Composite Pages and Embeddable Content

By Deane Barker

In Web content management, you can identify two types of pages fairly easily:

  1. Free-form: A title and a big WYSIWYG area.

  2. Structured: More database-like – data is structured into components and assembled into a page.

(We discussed the difference in detail in a post called “To Structure or Not to Structure.”)

However, I’ve often found that there’s something in the middle. You need a big WYSIWYG area, but you need structured areas within it. This can get tricky.

This is easily explained with an example, which will probably ring true for a lot of content management developers –

For your company intranet, you have a “Page” template. All is good.

But then your users suddenly want to embed calendars from the Exchange server into their pages. Okay, you say, and you build a “Calendar Page” data type and template. The data type includes a new “Calendar URL” field, and the template includes the code to render the calendar.

You now have two templates.

Later, the users come back, and they want a photo gallery. So, you create a “Photo Gallery” datatype and template, which allows them to upload photos, and the template renders the gallery.

You now have three templates.

Later still, the users come back and say, “This is great, but we want this page to have a calendar AND a photo gallery in it. So, we want a bunch of text, then a calendar, then a bunch more text, then a photo gallery. And maybe another calendar after that…”

What now, Einstein?

This is where you start seeing some really bizarre things done to try and jump through these hoops, and jump through the next one, and the next one, etc. Before long, everything becomes totally unmanageable. The users are irritated because they think the system is inflexible, and the developer is irritated because he thinks the user are being unreasonable, etc.

However, all is not lost. Over the years, I’ve seen and implemented two good ways to handle situations like this.

1. Composite Pages

A composite page is a single page, made out of pieces. Your users can add a “Page” to the system, then add “Sections” to the page. They can pick from different types of sections, like “text with header,” “text with image,” “centered image,” etc.

The idea is that you stack these sections on top of each other, order them, and when the page is rendered, its sections are rendered in sequence from top to bottom.

The benefit here is that the page is broken down into sub-objects, and each of these can contain their own data structures and functionality. You could have page sections for “Calendar” and “Photo Gallery.” Intersperse those with a couple “Generic Text” blocks, and you have a much more flexible page structure.

There are a few disadvantages to this model –

First and foremost, editing can be a pain. Often users just want to edit their pages without having to juggle more than one content object. Additionally, the addition of even one structure element into the center of the text breaks the page up into at least three elements.

Consider the example of a single-section page of text, into which a user wants to inject a calendar.
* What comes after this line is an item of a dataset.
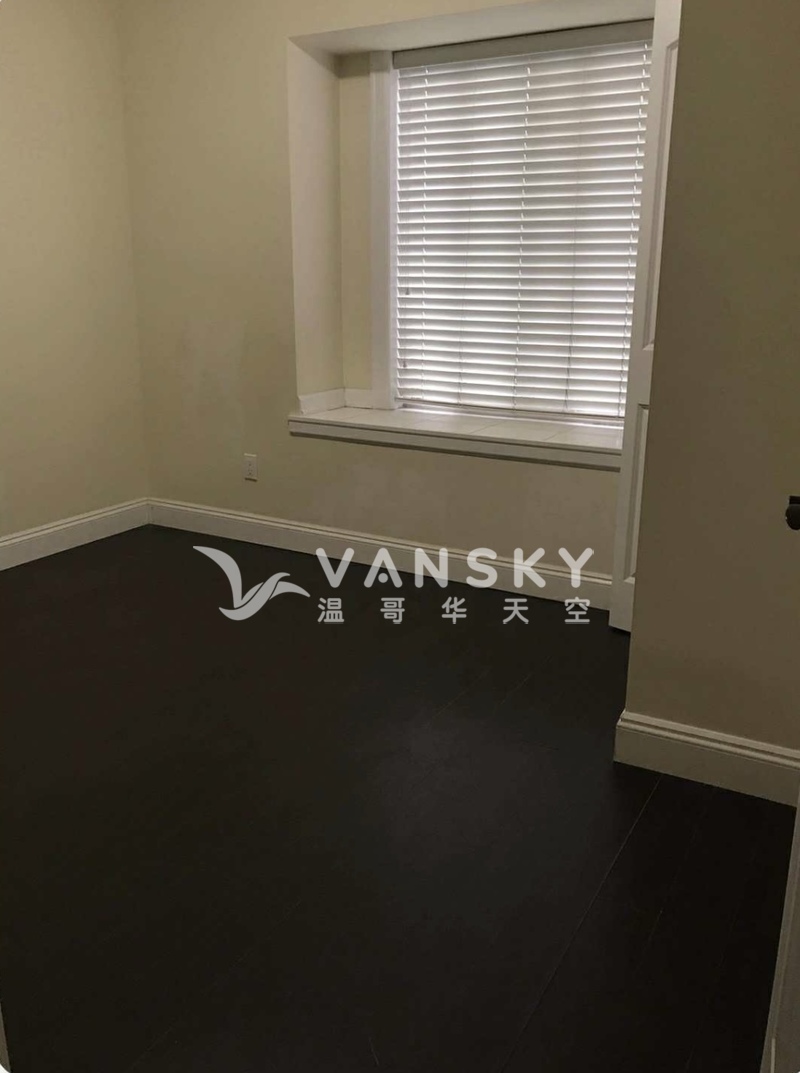 Burnaby天車旁十年新ㄧ樓兩房一廳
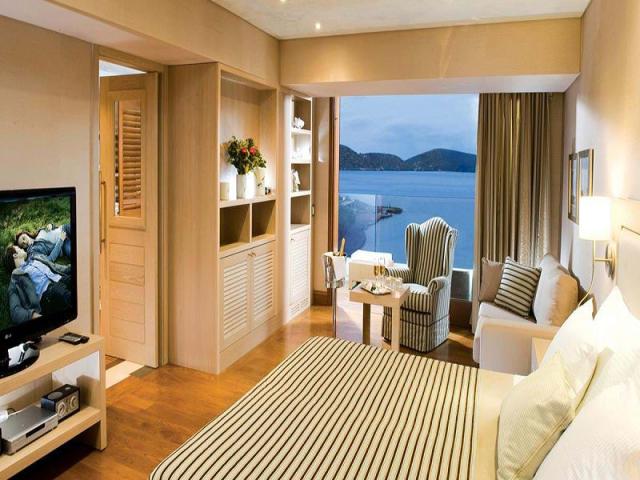 Deluxe Hotel Suite Sea View (2 Bathrooms)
How do they do this?

Users will have to create the calendar section, then create another text section to go under it. Then they have to transfer some text from the top section into the bottom section, so the calendar appears to be in the middle of of an otherwise unbroken flow of text. To move the calendar “up” in the page means transferring text from the bottom text section to the top text section.

So, the editing model can be complicated. I’ll admit that I haven’t seen a composite page interface that has leveraged all the Ajax-y goodness available these days. Joe and I have often theorized that it could be done much today than in years past, which could probably mitigate the editing pain that I’ve experienced.

Second, breaking what was a single object into multiple objects presents some other issues. What do you do about some of the higher level functions: versioning, workflow, and permissions? When you save a composite page, are you versioning the sections independently or as a group (if as a group, do you save new versions of sections that haven’t changed)? Can you send individual sections through workflow? Can you set specific permissions on sections? Etc.

Finally, the composite page model is optimized for pages that have “horizontal bands” of content. What happens when people start to float images to the right and left, and elements start to “hang over” other elements, either inadvertently, or on purpose? The formatting issues can get complicated here, and you might end up with users irritated that they can’t do something which seems simple, but ends up being complicated or impossible.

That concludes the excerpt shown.